Pandu melirik ke arah putrinya yang sedang melipat mukena, lalu berkata dengan lirih. "Coba nanti Pakde bicara sama Nisa. Semoga dia mau."
"Kalau memang Nisa mau, nanti saya belikan tiket pesawat. Pakde ikut juga sekalian. Jangan naik kereta," ucap Bima dengan sungguh-sungguh.
Pandu mengucapkan beberapa kata, lalu menutup panggilan dengan salam. Saat menoleh ke belakang, putrinya sudah tidak ada.
"Nisa. Bapak mau balik ke sawah dulu.
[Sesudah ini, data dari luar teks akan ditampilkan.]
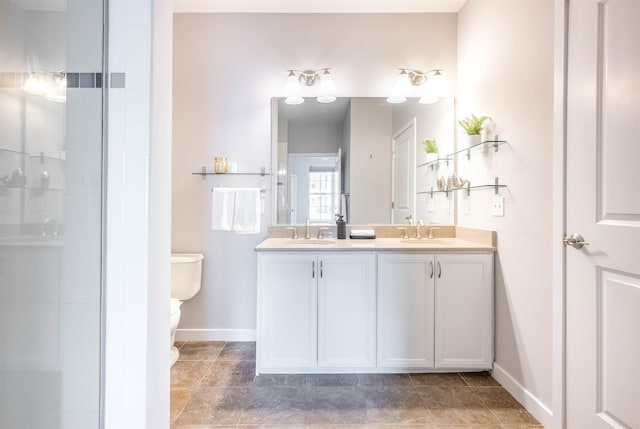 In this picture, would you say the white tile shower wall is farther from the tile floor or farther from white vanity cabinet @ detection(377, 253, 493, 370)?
white vanity cabinet @ detection(377, 253, 493, 370)

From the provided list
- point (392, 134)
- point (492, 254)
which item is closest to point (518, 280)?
point (492, 254)

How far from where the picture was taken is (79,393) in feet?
2.97

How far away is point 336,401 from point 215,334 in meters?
1.24

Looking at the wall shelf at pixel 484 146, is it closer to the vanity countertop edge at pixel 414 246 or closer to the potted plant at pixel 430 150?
the potted plant at pixel 430 150

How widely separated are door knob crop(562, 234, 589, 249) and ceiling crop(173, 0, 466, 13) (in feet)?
6.68

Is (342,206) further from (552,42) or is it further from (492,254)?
(552,42)

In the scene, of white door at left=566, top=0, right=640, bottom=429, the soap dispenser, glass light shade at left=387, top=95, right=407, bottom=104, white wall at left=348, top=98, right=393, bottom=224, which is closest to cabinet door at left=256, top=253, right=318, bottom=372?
the soap dispenser

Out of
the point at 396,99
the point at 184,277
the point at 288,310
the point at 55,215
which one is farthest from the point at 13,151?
the point at 396,99

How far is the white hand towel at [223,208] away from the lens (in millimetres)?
2375

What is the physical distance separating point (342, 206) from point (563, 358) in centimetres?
162

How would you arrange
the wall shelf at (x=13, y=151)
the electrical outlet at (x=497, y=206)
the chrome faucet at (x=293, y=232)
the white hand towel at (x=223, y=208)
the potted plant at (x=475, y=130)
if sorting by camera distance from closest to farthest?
the wall shelf at (x=13, y=151) < the electrical outlet at (x=497, y=206) < the potted plant at (x=475, y=130) < the white hand towel at (x=223, y=208) < the chrome faucet at (x=293, y=232)

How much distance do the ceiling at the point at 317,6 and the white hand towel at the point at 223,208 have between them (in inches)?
57.0

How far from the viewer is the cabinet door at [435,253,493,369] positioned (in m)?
1.96

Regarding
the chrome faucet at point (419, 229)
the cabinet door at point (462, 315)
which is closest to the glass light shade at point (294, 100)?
the chrome faucet at point (419, 229) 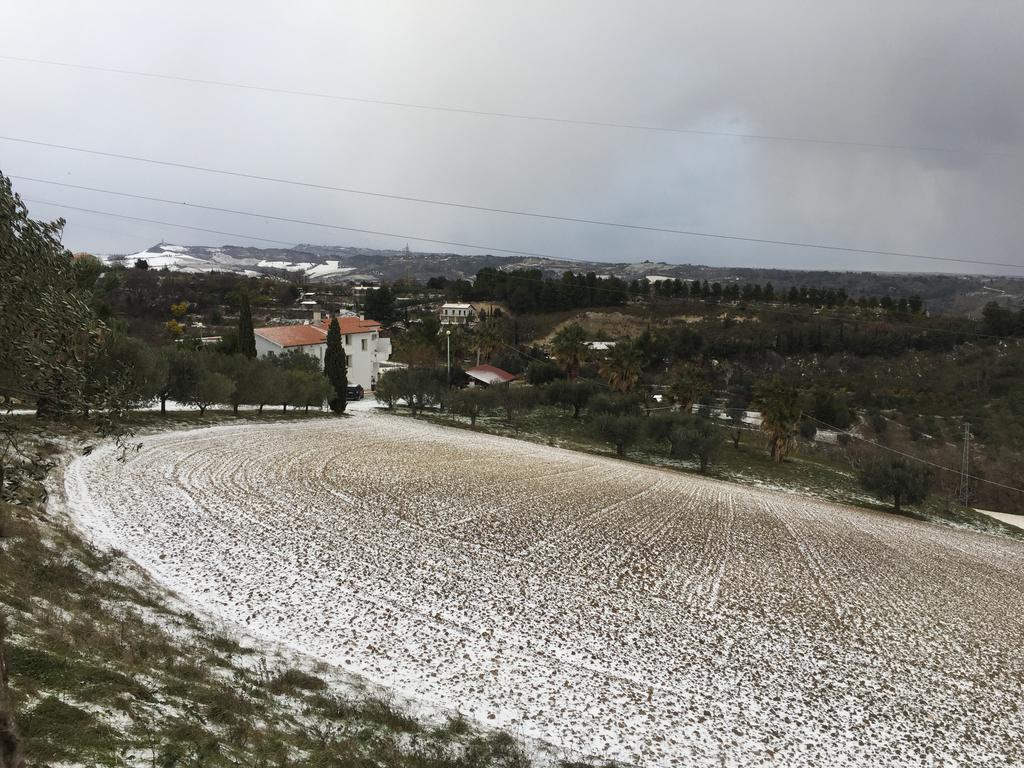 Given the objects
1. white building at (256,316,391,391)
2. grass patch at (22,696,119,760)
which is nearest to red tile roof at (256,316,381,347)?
white building at (256,316,391,391)

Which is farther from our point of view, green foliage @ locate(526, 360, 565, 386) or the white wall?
green foliage @ locate(526, 360, 565, 386)

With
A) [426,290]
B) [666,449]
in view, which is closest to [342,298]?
[426,290]

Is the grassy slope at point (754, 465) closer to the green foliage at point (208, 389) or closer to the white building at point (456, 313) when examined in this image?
the green foliage at point (208, 389)

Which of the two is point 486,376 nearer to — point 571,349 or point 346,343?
point 571,349

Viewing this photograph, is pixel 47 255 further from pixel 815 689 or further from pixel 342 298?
pixel 342 298

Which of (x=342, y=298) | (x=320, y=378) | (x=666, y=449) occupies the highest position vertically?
(x=342, y=298)

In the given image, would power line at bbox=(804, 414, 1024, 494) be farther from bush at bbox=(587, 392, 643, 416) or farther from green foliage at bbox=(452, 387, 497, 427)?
green foliage at bbox=(452, 387, 497, 427)

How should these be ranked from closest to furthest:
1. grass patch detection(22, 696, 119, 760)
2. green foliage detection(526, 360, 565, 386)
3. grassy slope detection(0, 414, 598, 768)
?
grass patch detection(22, 696, 119, 760)
grassy slope detection(0, 414, 598, 768)
green foliage detection(526, 360, 565, 386) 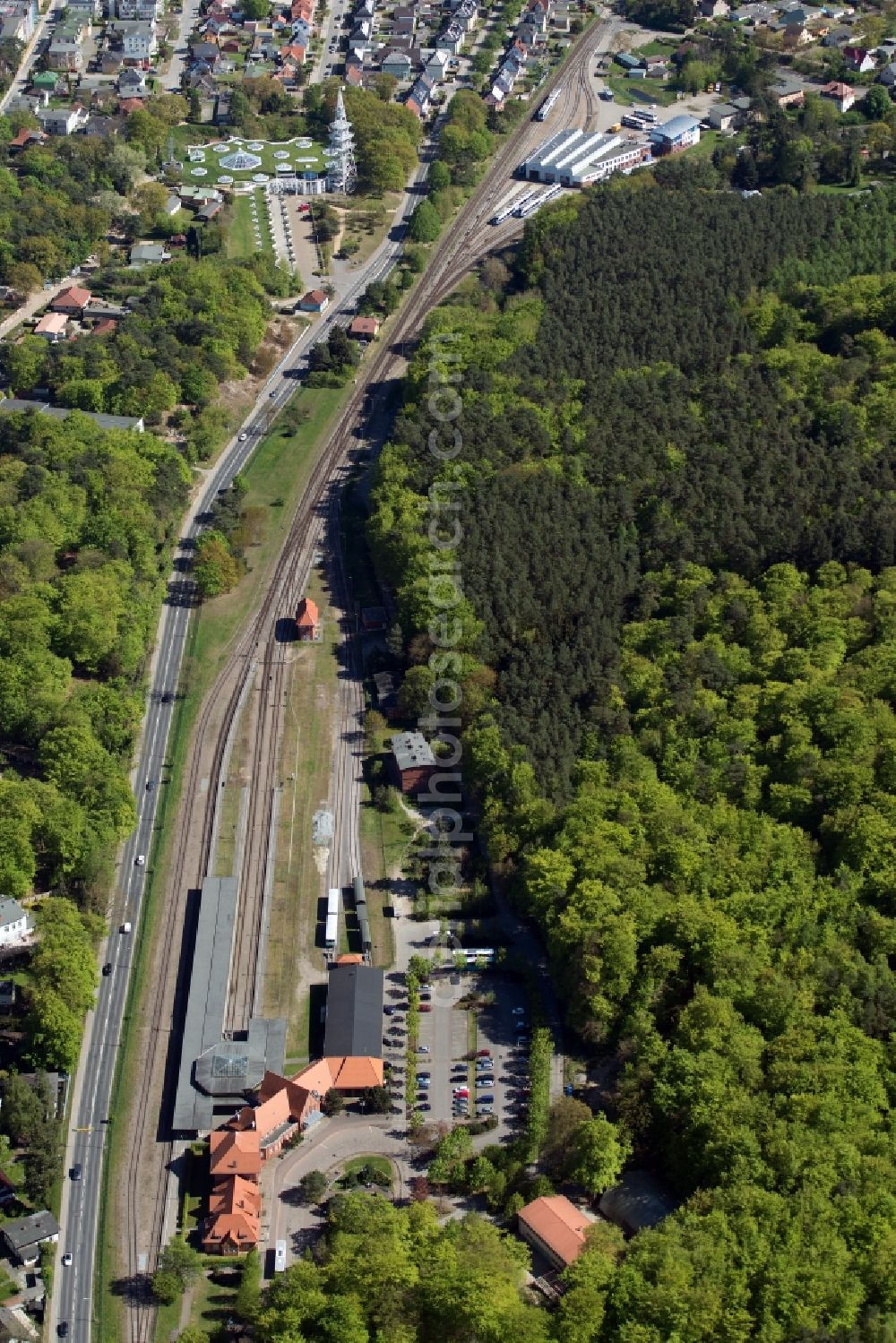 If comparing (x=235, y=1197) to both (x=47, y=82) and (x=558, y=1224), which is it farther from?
(x=47, y=82)

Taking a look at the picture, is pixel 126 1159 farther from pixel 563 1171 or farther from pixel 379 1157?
pixel 563 1171

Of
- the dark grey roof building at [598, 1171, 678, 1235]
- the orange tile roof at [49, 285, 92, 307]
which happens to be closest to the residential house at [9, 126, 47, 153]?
the orange tile roof at [49, 285, 92, 307]

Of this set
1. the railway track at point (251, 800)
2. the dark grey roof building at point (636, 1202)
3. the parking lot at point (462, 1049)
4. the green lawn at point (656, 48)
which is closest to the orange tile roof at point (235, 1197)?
the railway track at point (251, 800)

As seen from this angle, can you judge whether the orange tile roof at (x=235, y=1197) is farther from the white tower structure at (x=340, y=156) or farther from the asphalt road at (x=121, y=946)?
the white tower structure at (x=340, y=156)

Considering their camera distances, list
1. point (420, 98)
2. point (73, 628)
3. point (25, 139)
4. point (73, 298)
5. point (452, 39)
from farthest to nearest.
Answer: point (452, 39) → point (420, 98) → point (25, 139) → point (73, 298) → point (73, 628)

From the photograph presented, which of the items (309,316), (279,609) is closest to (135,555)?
(279,609)

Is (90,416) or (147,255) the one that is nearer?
(90,416)

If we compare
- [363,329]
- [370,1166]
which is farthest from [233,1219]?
[363,329]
Kamu baik-baik di rumah, ya," pamit Pandu saat mengetuk pintu kamar putrinya.
Annisa hanya mengucapkan iya tanpa membuka pintu. Kakinya sudah tidak mau berkomporomi. Bisa memasak saja dia sudah bersyukur karena menghemat pengeluaran.
Pandu mengendarai motor dengan perlahan melintasi jalan kampung. Sepertinya saat pulang nanti, baru dia akan menyampaikan pesan Ratih kepada putrinya.
***
Bima menatap ibunya yang terbaring lemah di tempat tidur. Sudah dua hari Ratih dirawat di rumah sakit setelah dokter men-diagnosis penyakitnya. Diabetes, itulah yang kini bersarang di tubuh renta itu.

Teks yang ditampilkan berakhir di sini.